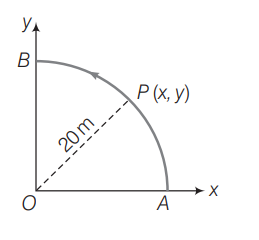 Uniform circular motion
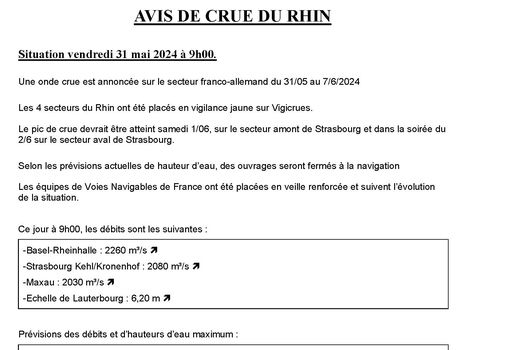 AVIS DE CRUE DU RHIN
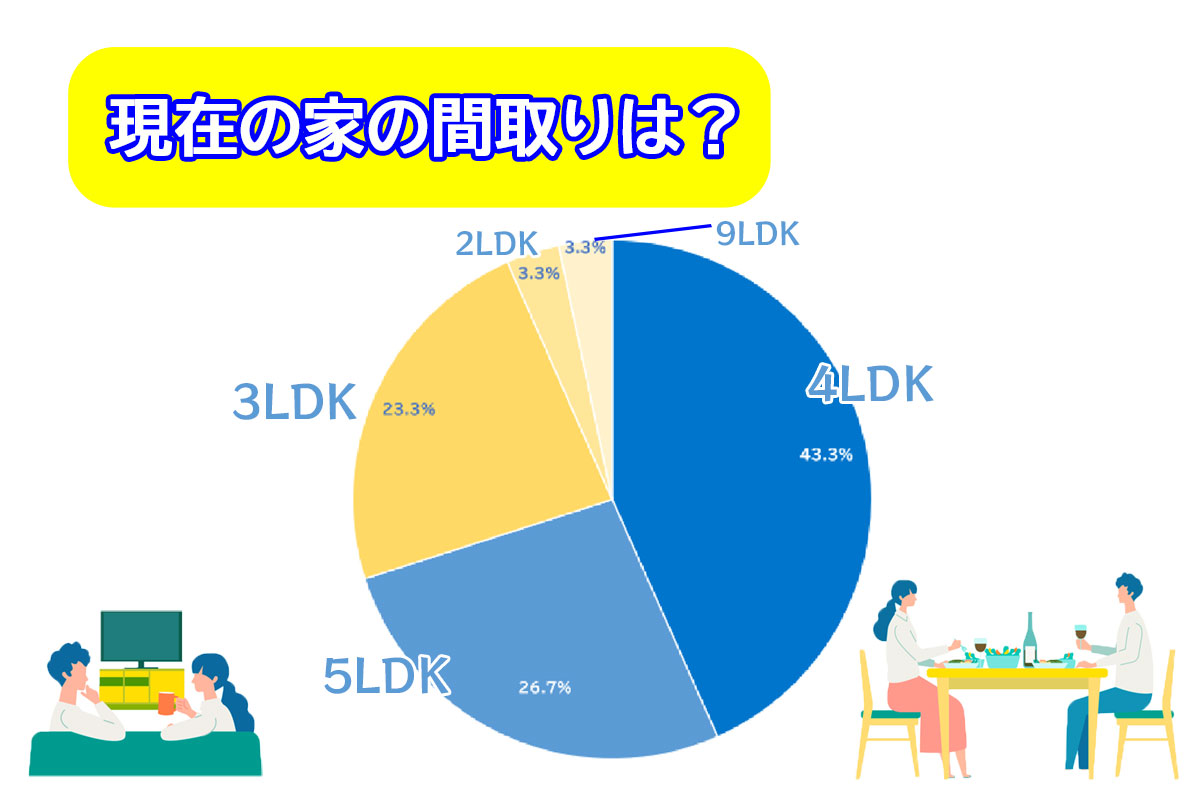 現在の間取り調査結果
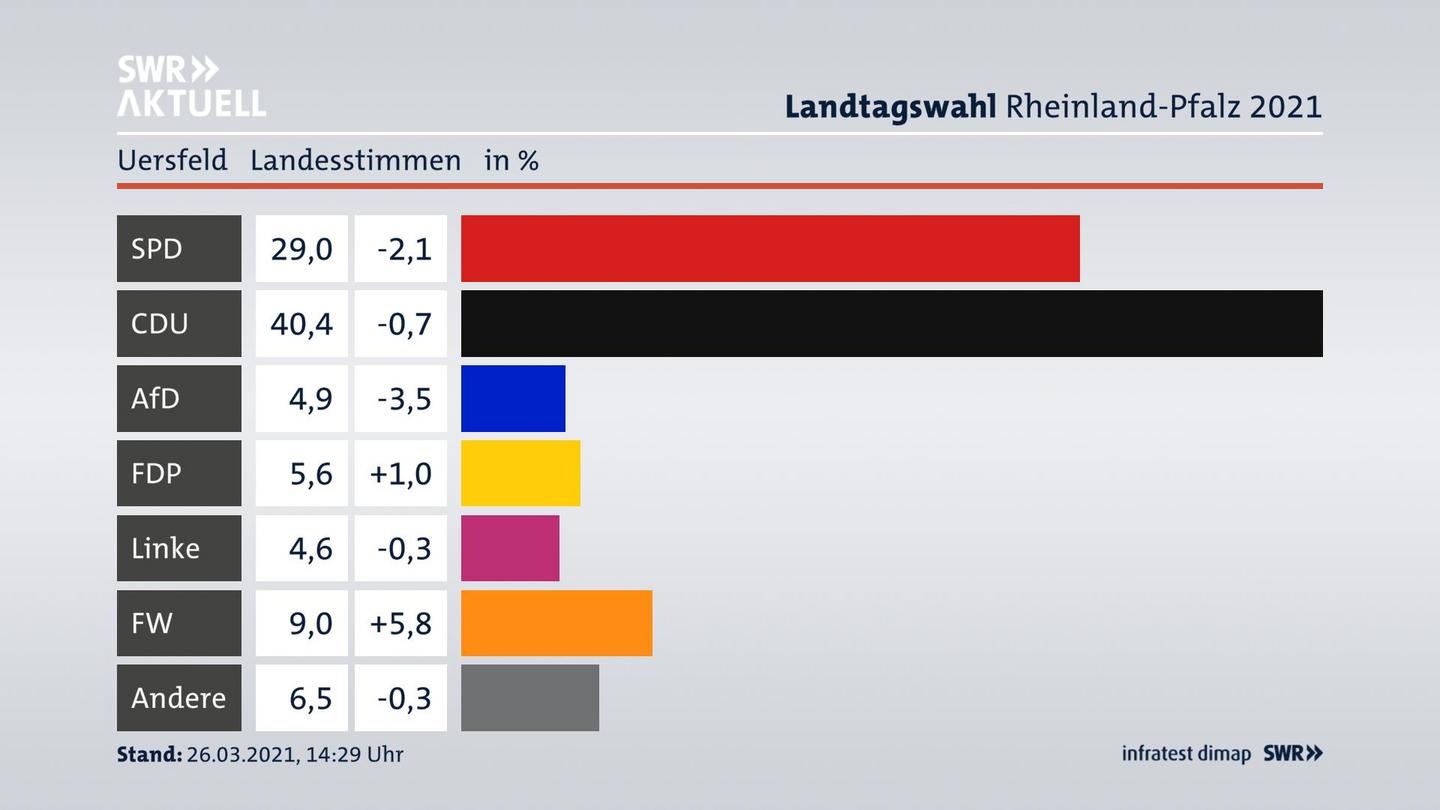 Ergebnisgrafik Landesstimme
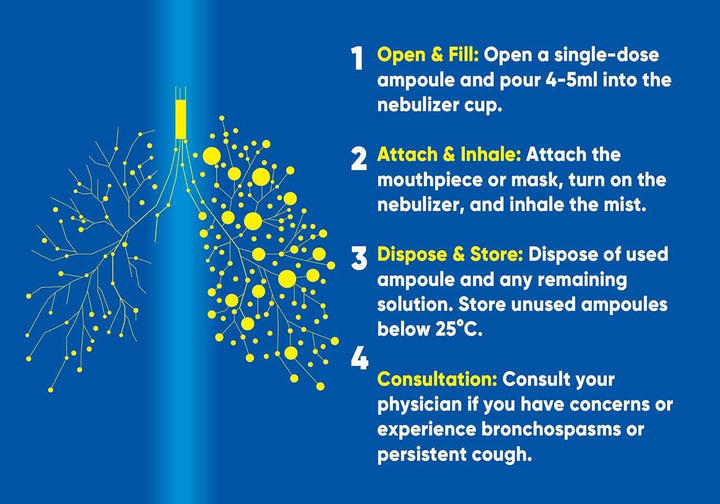 Isotonic Saline Solution 0.9% + Hyaluronic Acid Nebulizer Diluent for Inhalators and Nasal Hygiene Clear Congestion from Airways & Lungs (20 Sterile Single Dose Vials of 5Ml) (1)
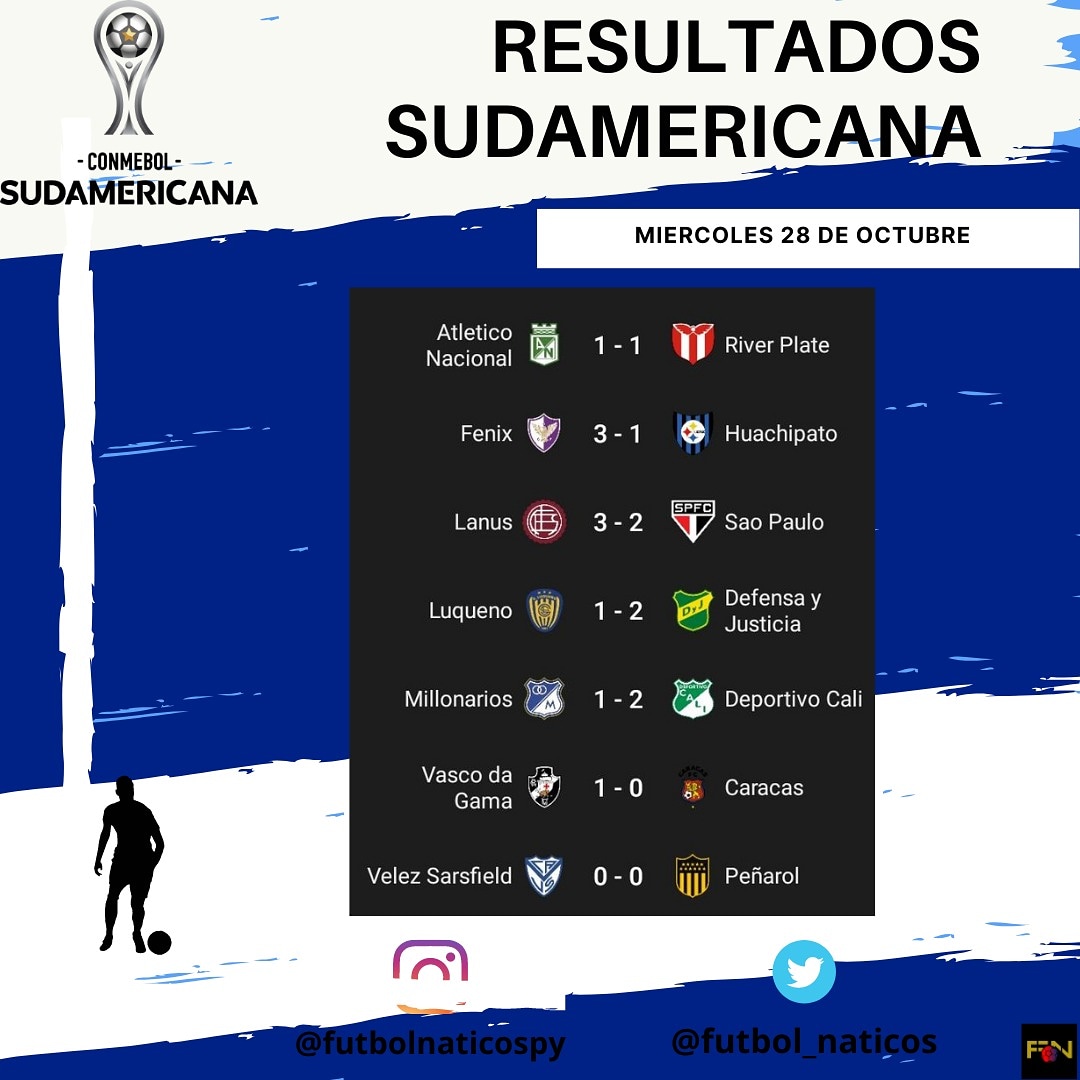 futbol_naticos's tweet photo. SABOR AGRIO ⚽⚽⚽❎❎❎

Estos son los resultados del día de ayer en la @Sudamericana.

El equipo de @SpLuquenOficial demostró buen fútbol al comienzo, pero @ClubDefensayJus aprovecho los errores del equipo luqueño, y se llevó la victoria de visitante.

 #sudamericana #fútbol https://t.co/KdlyqXS4cq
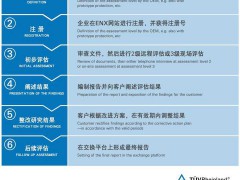 汽車行業(yè)TISAX認(rèn)證怎么能過？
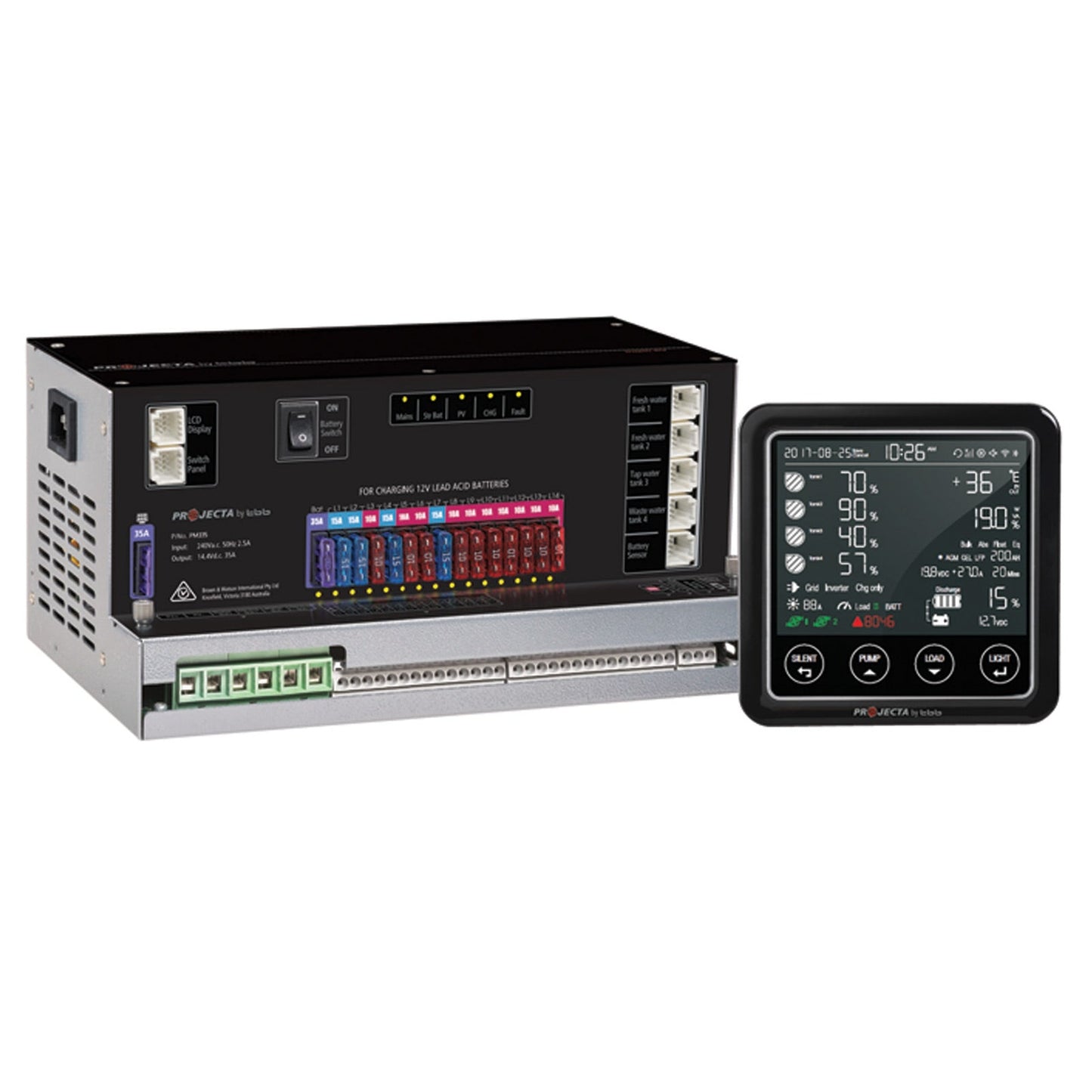 PROJECTA PM300
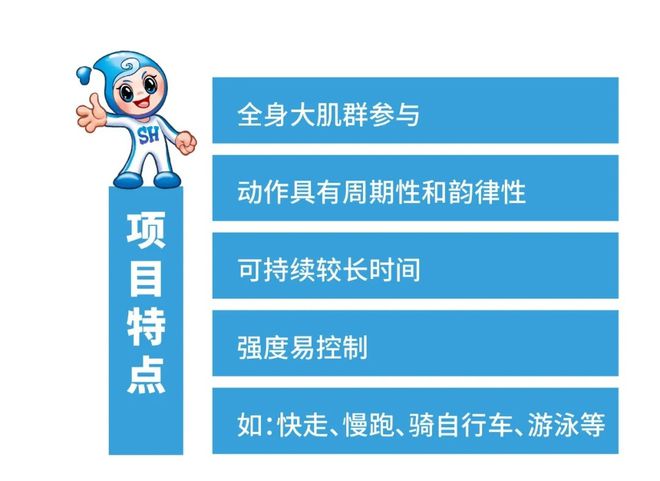 经常步行健身的你赶紧点进来看看 “科学健身加油站” 第一讲(图2) 经常步行健身的你赶紧点进来看看 “科学健身加油站” 第一讲(图2)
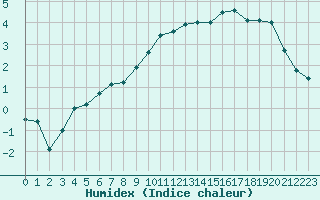 Courbe de l'humidex pour Troyes (10)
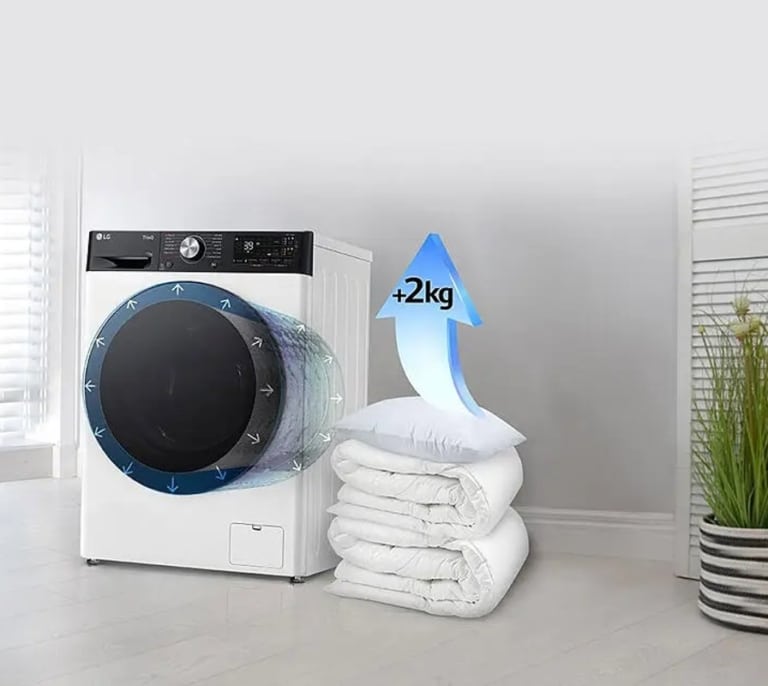 La última tecnología para el cuidado de la ropa: así es la gama de lavadoras LG que también cuida del planeta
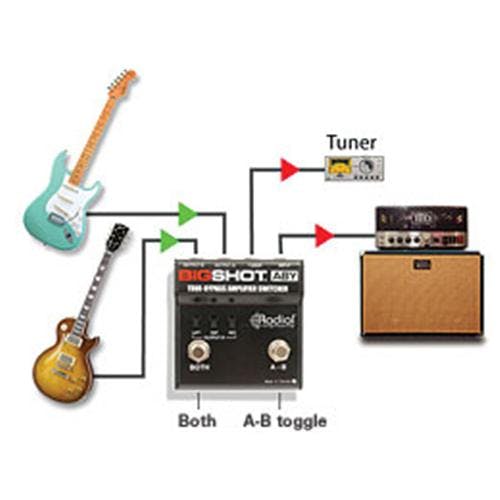 Radial Tonebone Bigshot True Bypass ABY Pedal - Andertons Music Co.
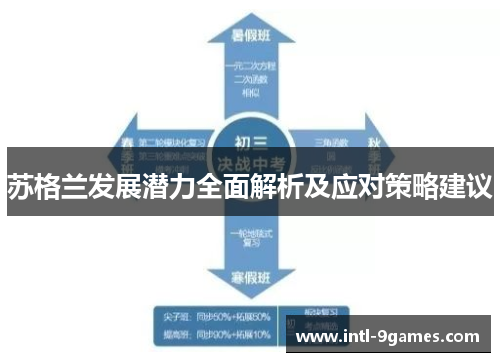 苏格兰发展潜力全面解析及应对策略建议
········
# Task requirements
From the entries above, copy every line containing the word "fútbol".

# Reply
El equipo de @SpLuquenOficial demostró buen fútbol al comienzo, pero @ClubDefensayJus aprovecho los errores del equipo luqueño, y se llevó la victoria de visitante.
 #sudamericana #fútbol https://t.co/KdlyqXS4cq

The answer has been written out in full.